This integral was solved by using the identity

$$\lim_{s \to \infty} \int_{-s}^{s} \dfrac{\log \vert t-a \vert}{t-b} ~ dt = \dfrac{\pi^{2}}{2} sign(b - a)$$

But I don't know how I can apply this identity to the integral above. I don't find any substitution or anything else to 'convert' the integral
in such a shape where I can use these formula.

2. Oct 27, 2009

### tiny-tim

Hi parton!

Try splitting the 1/t(1-t) in partical fractions, and the log into the difference of two logs, and then apply the identity several times.

3. Oct 28, 2009

### parton

I tried to split the integral as you suggested:

$$\int_{-\infty}^{\infty} \dfrac{1}{t(1-t)} \log \left| \dfrac{t^{2} q^{2}}{(p-tq)^{2}} \right| ~ dt = \int_{-\infty}^{\infty} \left[ \dfrac{1}{t} - \dfrac{1}{t-1} \right] \left[ \log \vert t^{2} q^{2} \vert - \log \vert (p-tq)^{2} \vert \right] ~ dt$$

For the first part, I've got:

$$\int_{-\infty}^{\infty} \left[ \dfrac{1}{t} - \dfrac{1}{t-1} \right] \log \vert t^{2} q^{2} \vert \right] ~ dt= - \pi^{2}$$

Here, I decomposed the logarithm again, i.e.

$$\log \vert t^{2} q^{2} \vert^{2} = 2 \log \vert t \vert + \log \vert q^{2} \vert$$

I just used the identity for computing
$$- 2 \int_{-\infty}^{\infty} \dfrac{1}{t-1} \log \vert t \vert = - \pi^{2}$$

The other integrals coming from this part will vanish, for example:

$$2 \int_{-\infty}^{\infty} \dfrac{1}{t} \log \vert t \vert ~ dt = \left[ \log \left( \vert t \vert \right) ^{2} \right]_{-\infty}^{\infty} = 0$$

I argued that: $$\left[ \log \left( \vert t \vert \right) ^{2} \right]_{-s}^{s} = 0$$, so it has also to be valid for s--> infinity. But I'm not sure wheter this argument is correct.

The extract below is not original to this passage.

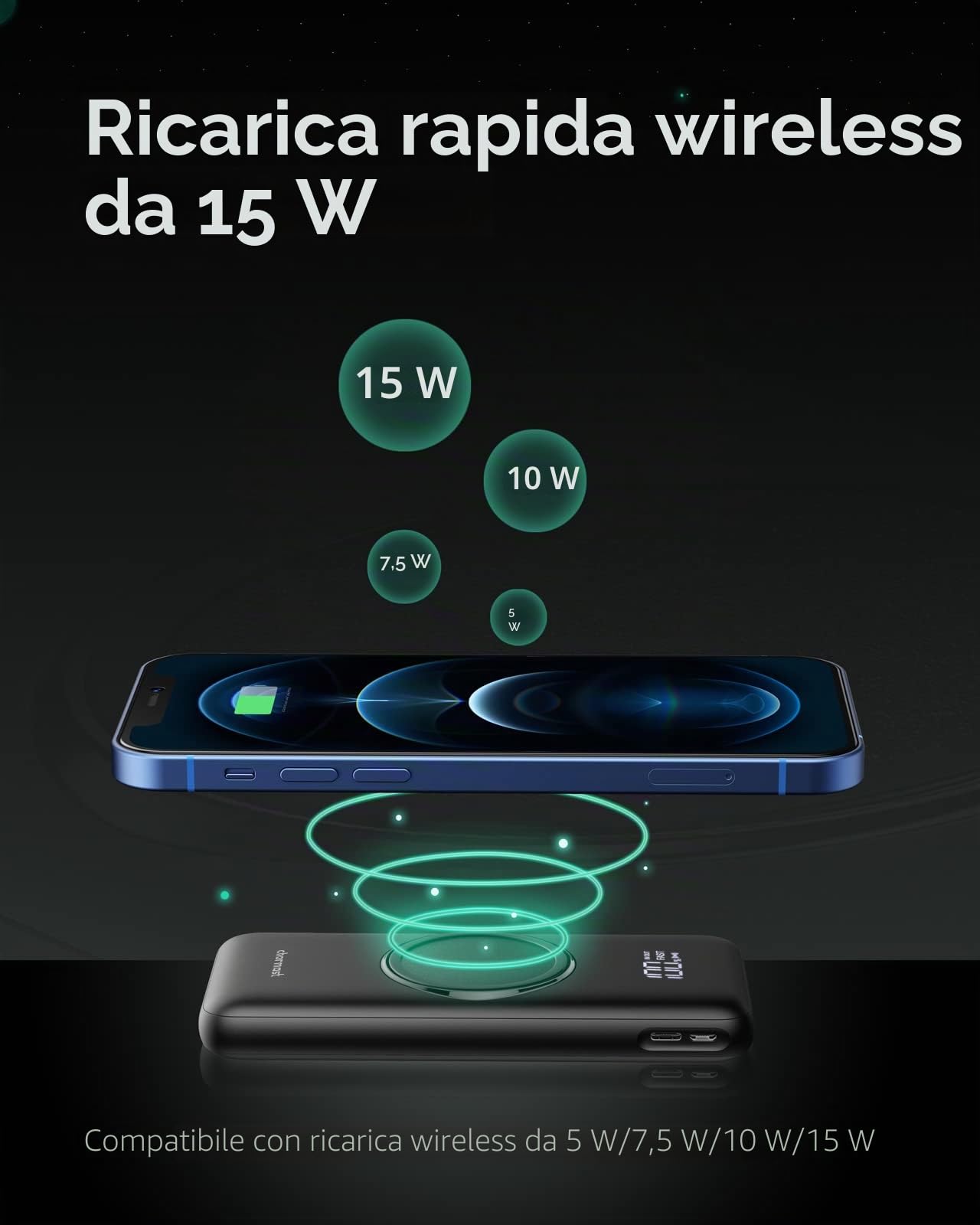 Charmast Power Bank, Powerbank wireless da 20000 mAh, ricarica induttiva, 22,5 W PD/QC 3.0, batteria esterna per cellulare con display a LED, compatibile con iPhone 17, 16, 15, 14, 13, 12 Pro Max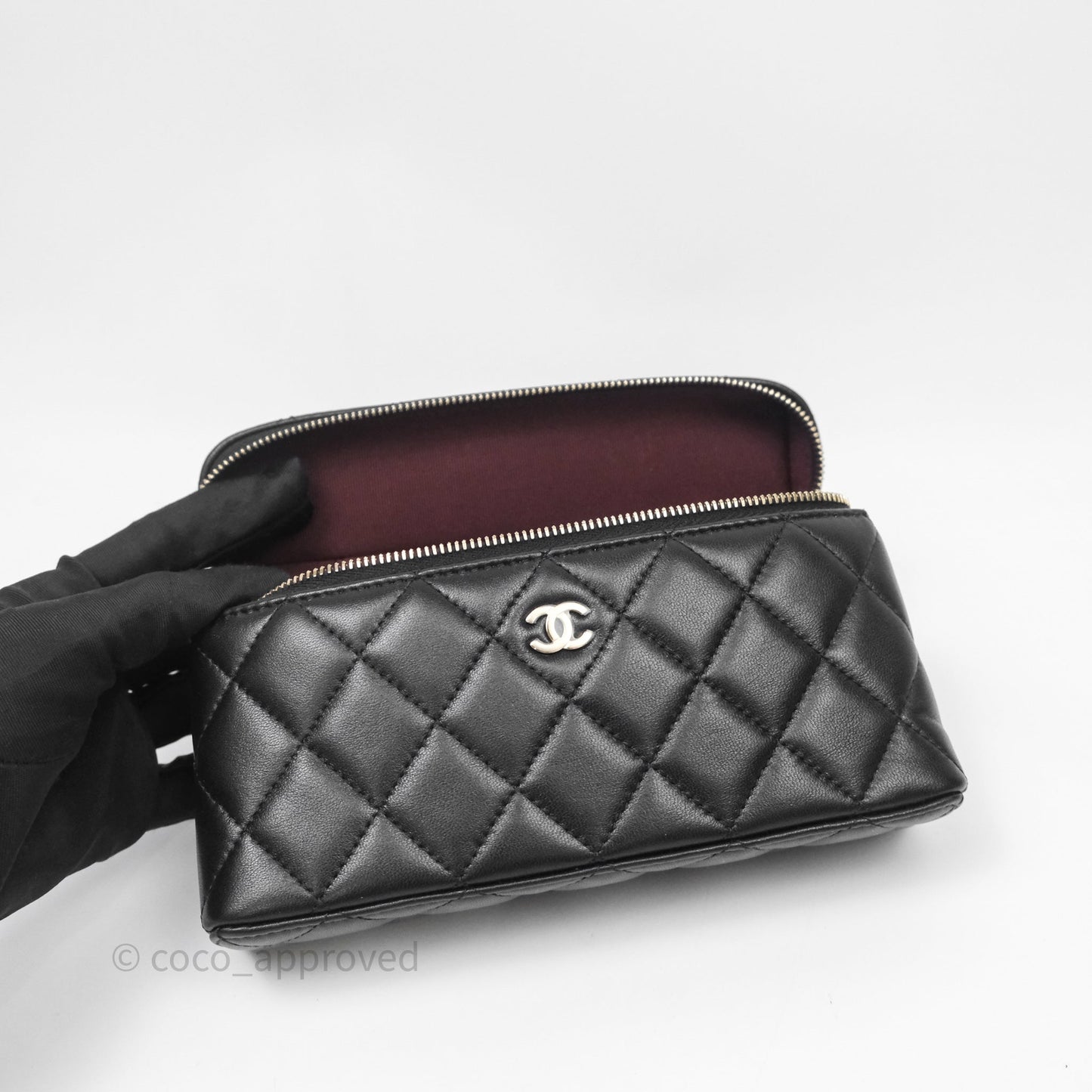 Chanel Top Handle Long Vanity with Chain Black Lambskin Gold Hardware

Nevertheless, I don't know how to compute the second part of the originial integral:

$$- \int_{-\infty}^{\infty} \left[ \dfrac{1}{t} - \dfrac{1}{t-1} \right] \log \vert (p-tq)^{2} \vert ~ dt$$

There is this nasty square appearing in the logarithm, and now I don't know how to continue

To you know some way to solve this???

4. Oct 28, 2009

### Hurkyl

Staff Emeritus
Don't you know something about log xe?

5. Oct 28, 2009

### parton

ok, maybe I could simply write:

$$-\int_{-\infty}^{\infty} \left[ \dfrac{1}{t} - \dfrac{1}{t-1} \right] \log \vert (p-tq)^{2} \vert ~ dt = -2 \int_{-\infty}^{\infty} \left[ \dfrac{1}{t} - \dfrac{1}{t-1} \right] \log \vert p -t q \vert ~ dt$$

But how do I solve that? p and q are four-vectors, so I can't simply apply a substitution !?

6. Oct 28, 2009

### tiny-tim

Hi parton!

The difficulty is that p and q are 4-vectors.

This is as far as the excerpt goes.